“Alien: Isolation” And The Art Of Dying

Alien-Isolation-6 Fear is holding me back.

Most people can say this, but I’m at a crossroads in my life where it’s more apparent than it’s ever been. I’ve always been fearful. There’s a pit in the middle of my soul that has always been a ball of  solid, concentrated fear. I remember going through a sheaf of papers in grade school and finding a progress report from pre-school: “Talks often about monsters getting him. Is often fearful.” I was scared of the dark, of bugs and moths. I was scared of the vacuum cleaner and the blender. At parades, I would go to great lengths to avoid clowns (well, some fears are justified).

I’ve had modest success as a musician and writer, but I’m stuck at both. I need to break through a wall of fear that has surrounded me.  Every selfish decision I’ve made in the last two decades of my life, every alcoholic drink I’ve ever taken, every time I’ve ever eaten until I was almost sick, every weird OCD habit creeping into my life (as I write this, I’m looking obsessively at the screen of my new laptop, looking for scratches) is there because of fear. One of the first things anybody ever says about any great artist, from Miles Davis to Bruce Lee, is that they were fearless. I’m not a great artist.

I have a book in print, which is something that most of the human population will never be able to say, but it’s sitting squarely somewhere around the 5-million mark on Amazon because I’m afraid to promote it. I’ve said for a long time that I believe that writers have to face rejection in a way no other artist in any other medium has to. Stephen King talks at length about the trunkful of rejection letters he received before he started getting acceptance letters, and the oft-told legend is that his wife rescued Carrie from his garbage can.

And, what is fear of rejection if not fear of death? In his book Beyond and Back, Ralph Wilkerson states-correctly-that every single fear we have is ultimately rooted in the fear of death, and if the fear of death can be conquered, the other fears vanish as well.

I have a videogame that I’m literally scared to play. As a huge fan of the Alien franchise, I saw reviews for Alien: Isolation and of course, wanted to play it. In fact, I broke one of my rules and paid full price for it instead of waiting for “Greatest Hits” status and a substantial discount.

The game is marvelous, immersive. The plot, in a nutshell, involves Ripley’s daughter Amanda (mentioned during a sub-plot in the director’s cut of Aliens) and a ship, the Torrens, identical to the Nostromo. The game’s design nails the 21st-century-meets-1970s aesthetic of the original, along with the amazing sound design (watching the Alien director’s cut through a good sound system is a religious experience).

I’m not a huge gamer, but I’ve faithfully played every Resident Evil installment and the first three Silent Hills, along with various others. Getting killed in Resident Evil has never been pleasant, but it’s never kept me from playing the game, either:

This has happened to me countless times over the last fifteen years: I just shake it off and come back for more. But, not this time.

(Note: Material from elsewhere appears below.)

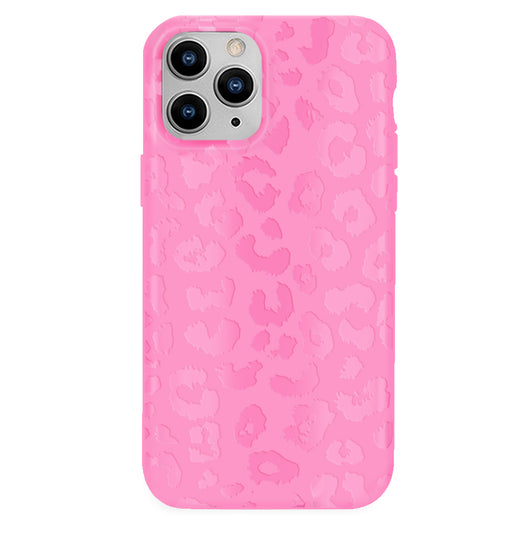 Cute Pink Heart Leopard Print Soft Wristband Phone Case Cover for iPhone 14,  13, 12, 11 Pro Max, 7, 8 Plus, X, XS, XR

Some people might live in fear of zombies, ghosts or serial killers, but I don’t. For me, the last word in terror has always been H.R. Giger’s ubiquitous xenomorph. It’s always been disturbing to me in a way that guys in hockey masks will never be. Beautiful and deadly, a perfect organism, its structural perfection matched only by its hostility. Eight feet long (well, Bodaji Boladejo, the actor in the costume-yes, it’s a guy in a suit-is technically 7’2) but endowed with cat-like grace…by the time you see it, it’s usually too late.

It’s the only movie monster I’ve ever had recurring dreams about. In these dreams, it never kills me-sometimes I never even feel like it’s hunting. It’s an enigma that stalks for its own reasons and on its own timetable. But, it’s like a time bomb that could go off at any moment. Quite simply, it has a mythology inside my head that no other creation like it has.

Two nights ago, I did an experiment that I’ll most likely do again tonight. The best suggestion I’ve seen for “Isolation” was; just simply let the monster kill you a number of times. Get used to being killed by the beast until you’re completely desensitized to it. I think there’s a real parallel there in regard to making friends with, accepting and even welcoming failure as a stepping-stone on the path to eventual success (or peace with said failure).

So, I fired up the Xbox with the express purpose of dying. And, believe it or not, it was incredibly difficult. I was in the medical wing (like in the video below), and watched it fall out of the ceiling vent. I forced myself to walk toward it instead of running away (incredibly difficult, even in a cartoon), let it see me and it was over.

I was going to let it kill me several times, but during my one deliberate failure, I found the door with the security code that let me in. If I hadn’t failed on purpose, I wouldn’t have found the door that let me continue. And, it did finally snatch me out of a storage locker, but I imagine I’ll get a little farther tonight:

I’ll die some more tonight, and maybe while I do, it’ll give me some clues on how to keep on living.